* [Instructions to follow] Set the data down once more, exactly as it is written.

(Stored entries)
'''
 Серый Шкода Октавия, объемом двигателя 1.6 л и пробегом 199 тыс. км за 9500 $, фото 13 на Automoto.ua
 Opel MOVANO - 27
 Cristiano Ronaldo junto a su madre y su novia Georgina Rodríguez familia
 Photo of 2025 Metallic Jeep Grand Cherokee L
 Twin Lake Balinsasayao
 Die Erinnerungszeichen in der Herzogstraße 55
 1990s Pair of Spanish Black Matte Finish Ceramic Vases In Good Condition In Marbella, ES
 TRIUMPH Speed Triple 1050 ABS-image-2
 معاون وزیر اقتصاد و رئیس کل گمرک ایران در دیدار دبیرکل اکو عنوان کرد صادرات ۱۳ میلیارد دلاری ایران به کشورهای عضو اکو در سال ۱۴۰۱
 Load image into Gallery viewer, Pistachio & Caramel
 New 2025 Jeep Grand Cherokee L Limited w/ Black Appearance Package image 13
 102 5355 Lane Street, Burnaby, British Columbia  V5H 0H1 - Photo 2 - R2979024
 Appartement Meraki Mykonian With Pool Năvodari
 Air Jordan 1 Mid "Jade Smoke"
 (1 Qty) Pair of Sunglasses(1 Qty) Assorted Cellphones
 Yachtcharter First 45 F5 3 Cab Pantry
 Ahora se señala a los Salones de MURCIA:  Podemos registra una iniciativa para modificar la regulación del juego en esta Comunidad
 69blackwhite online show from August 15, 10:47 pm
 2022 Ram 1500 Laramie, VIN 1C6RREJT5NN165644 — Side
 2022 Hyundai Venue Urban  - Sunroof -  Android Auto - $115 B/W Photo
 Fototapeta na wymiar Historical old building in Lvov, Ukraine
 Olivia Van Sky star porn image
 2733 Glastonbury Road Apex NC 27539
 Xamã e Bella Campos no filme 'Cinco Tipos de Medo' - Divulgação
'''
* [Result]
 Серый Шкода Октавия, объемом двигателя 1.6 л и пробегом 199 тыс. км за 9500 $, фото 13 на Automoto.ua
 Opel MOVANO - 27
 Cristiano Ronaldo junto a su madre y su novia Georgina Rodríguez familia
 Photo of 2025 Metallic Jeep Grand Cherokee L
 Twin Lake Balinsasayao
 Die Erinnerungszeichen in der Herzogstraße 55
 1990s Pair of Spanish Black Matte Finish Ceramic Vases In Good Condition In Marbella, ES
 TRIUMPH Speed Triple 1050 ABS-image-2
 معاون وزیر اقتصاد و رئیس کل گمرک ایران در دیدار دبیرکل اکو عنوان کرد صادرات ۱۳ میلیارد دلاری ایران به کشورهای عضو اکو در سال ۱۴۰۱
 Load image into Gallery viewer, Pistachio & Caramel
 New 2025 Jeep Grand Cherokee L Limited w/ Black Appearance Package image 13
 102 5355 Lane Street, Burnaby, British Columbia  V5H 0H1 - Photo 2 - R2979024
 Appartement Meraki Mykonian With Pool Năvodari
 Air Jordan 1 Mid "Jade Smoke"
 (1 Qty) Pair of Sunglasses(1 Qty) Assorted Cellphones
 Yachtcharter First 45 F5 3 Cab Pantry
 Ahora se señala a los Salones de MURCIA:  Podemos registra una iniciativa para modificar la regulación del juego en esta Comunidad
 69blackwhite online show from August 15, 10:47 pm
 2022 Ram 1500 Laramie, VIN 1C6RREJT5NN165644 — Side
 2022 Hyundai Venue Urban  - Sunroof -  Android Auto - $115 B/W Photo
 Fototapeta na wymiar Historical old building in Lvov, Ukraine
 Olivia Van Sky star porn image
 2733 Glastonbury Road Apex NC 27539
 Xamã e Bella Campos no filme 'Cinco Tipos de Medo' - Divulgação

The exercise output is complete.